◆ EXERCISE INSTRUCTIONS:
Copy verbatim the block of lines in the entries below whose first line contains "xprettytempting's tweet photo." and whose last line contains "SPC Scotland 2". Leave out all other lines.

◆ RECORDS SHOWN:
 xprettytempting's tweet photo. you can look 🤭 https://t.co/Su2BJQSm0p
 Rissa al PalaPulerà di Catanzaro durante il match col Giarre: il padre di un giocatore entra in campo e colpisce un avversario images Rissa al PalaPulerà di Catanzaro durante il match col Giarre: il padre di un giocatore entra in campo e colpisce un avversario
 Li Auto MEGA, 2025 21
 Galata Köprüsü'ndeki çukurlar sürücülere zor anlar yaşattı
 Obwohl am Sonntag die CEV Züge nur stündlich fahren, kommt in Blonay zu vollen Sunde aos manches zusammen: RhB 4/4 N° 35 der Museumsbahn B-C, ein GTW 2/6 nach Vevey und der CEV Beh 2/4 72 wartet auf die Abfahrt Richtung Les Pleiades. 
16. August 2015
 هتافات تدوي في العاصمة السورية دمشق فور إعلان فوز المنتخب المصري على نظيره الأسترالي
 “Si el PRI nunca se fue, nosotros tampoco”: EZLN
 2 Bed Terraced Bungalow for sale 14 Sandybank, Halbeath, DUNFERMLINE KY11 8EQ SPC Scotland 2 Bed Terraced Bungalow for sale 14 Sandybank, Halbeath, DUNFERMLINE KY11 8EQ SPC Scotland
---
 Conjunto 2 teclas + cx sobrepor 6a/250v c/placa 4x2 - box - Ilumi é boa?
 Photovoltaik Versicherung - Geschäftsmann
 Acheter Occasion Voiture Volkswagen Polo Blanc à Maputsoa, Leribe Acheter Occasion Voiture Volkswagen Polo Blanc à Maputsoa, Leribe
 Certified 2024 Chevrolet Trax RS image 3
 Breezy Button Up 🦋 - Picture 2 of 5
...
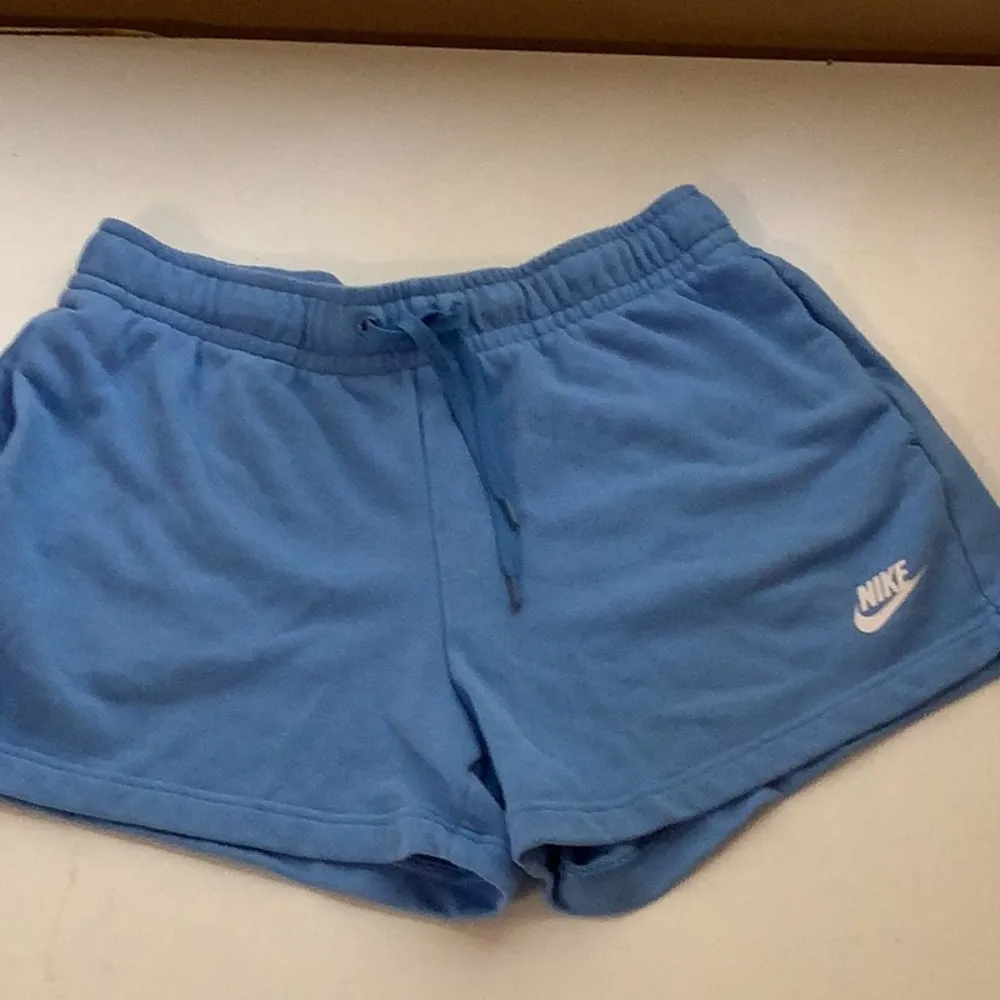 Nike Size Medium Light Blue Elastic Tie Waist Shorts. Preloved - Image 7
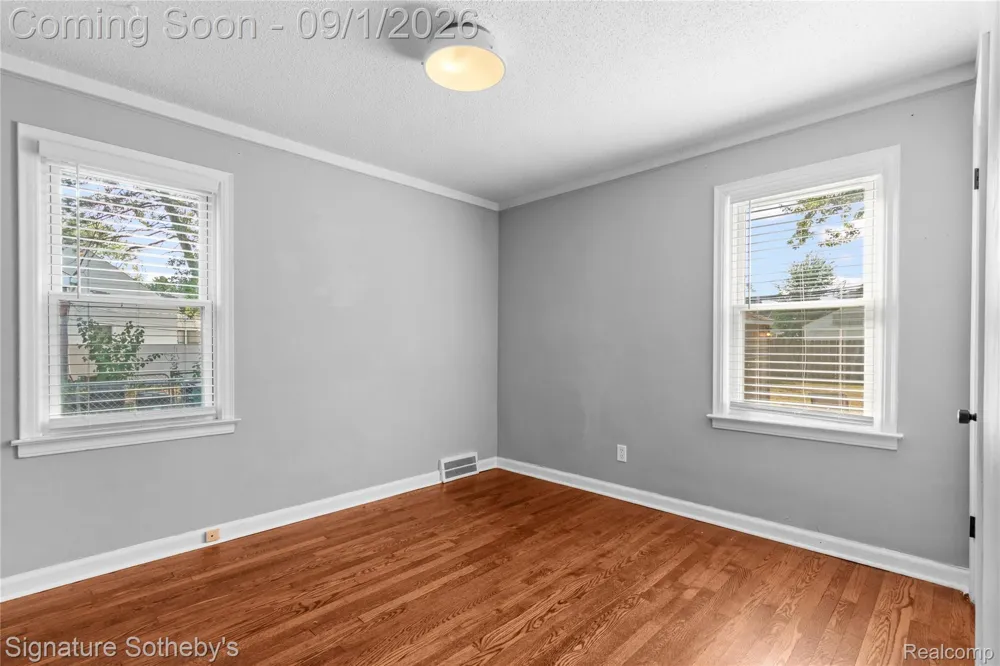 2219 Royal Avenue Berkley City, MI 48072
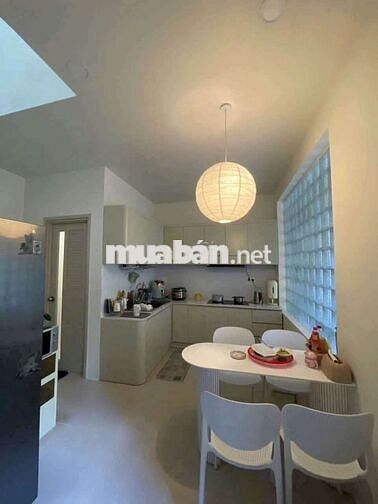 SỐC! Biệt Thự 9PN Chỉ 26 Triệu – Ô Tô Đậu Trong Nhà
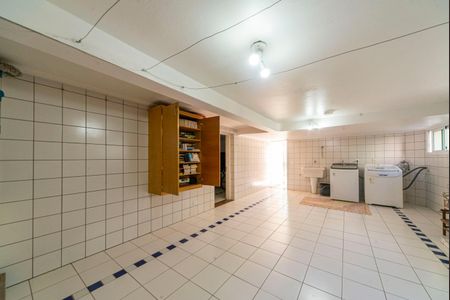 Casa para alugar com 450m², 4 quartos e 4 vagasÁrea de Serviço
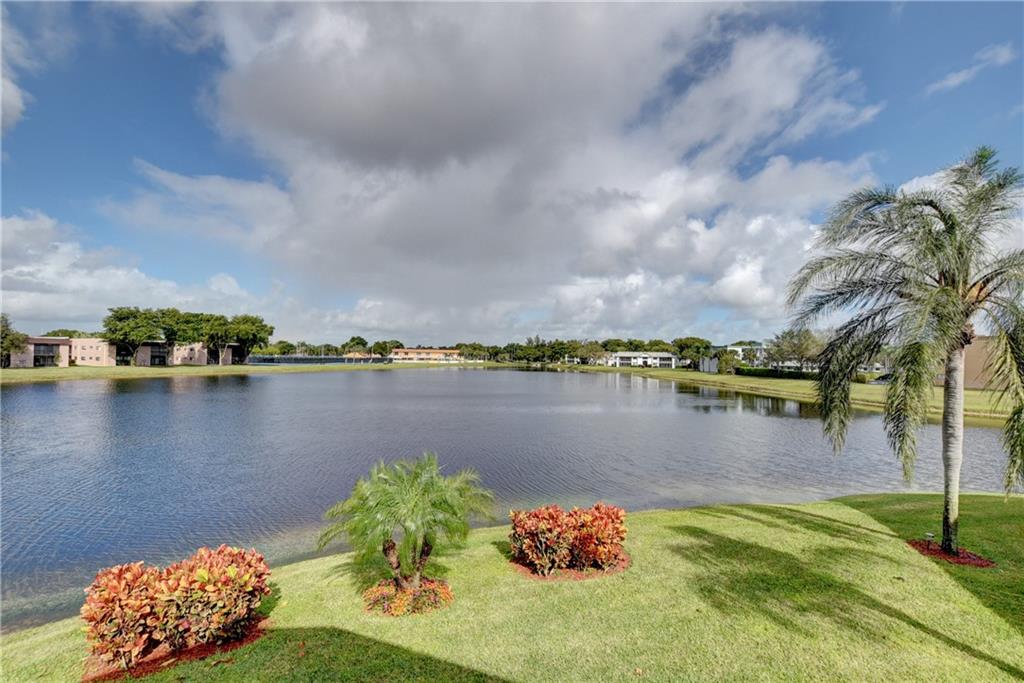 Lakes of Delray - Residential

◆ ANSWER TO THIS EXERCISE:
 xprettytempting's tweet photo. you can look 🤭 https://t.co/Su2BJQSm0p
 Rissa al PalaPulerà di Catanzaro durante il match col Giarre: il padre di un giocatore entra in campo e colpisce un avversario images Rissa al PalaPulerà di Catanzaro durante il match col Giarre: il padre di un giocatore entra in campo e colpisce un avversario
 Li Auto MEGA, 2025 21
 Galata Köprüsü'ndeki çukurlar sürücülere zor anlar yaşattı
 Obwohl am Sonntag die CEV Züge nur stündlich fahren, kommt in Blonay zu vollen Sunde aos manches zusammen: RhB 4/4 N° 35 der Museumsbahn B-C, ein GTW 2/6 nach Vevey und der CEV Beh 2/4 72 wartet auf die Abfahrt Richtung Les Pleiades. 
16. August 2015
 هتافات تدوي في العاصمة السورية دمشق فور إعلان فوز المنتخب المصري على نظيره الأسترالي
 “Si el PRI nunca se fue, nosotros tampoco”: EZLN
 2 Bed Terraced Bungalow for sale 14 Sandybank, Halbeath, DUNFERMLINE KY11 8EQ SPC Scotland 2 Bed Terraced Bungalow for sale 14 Sandybank, Halbeath, DUNFERMLINE KY11 8EQ SPC Scotland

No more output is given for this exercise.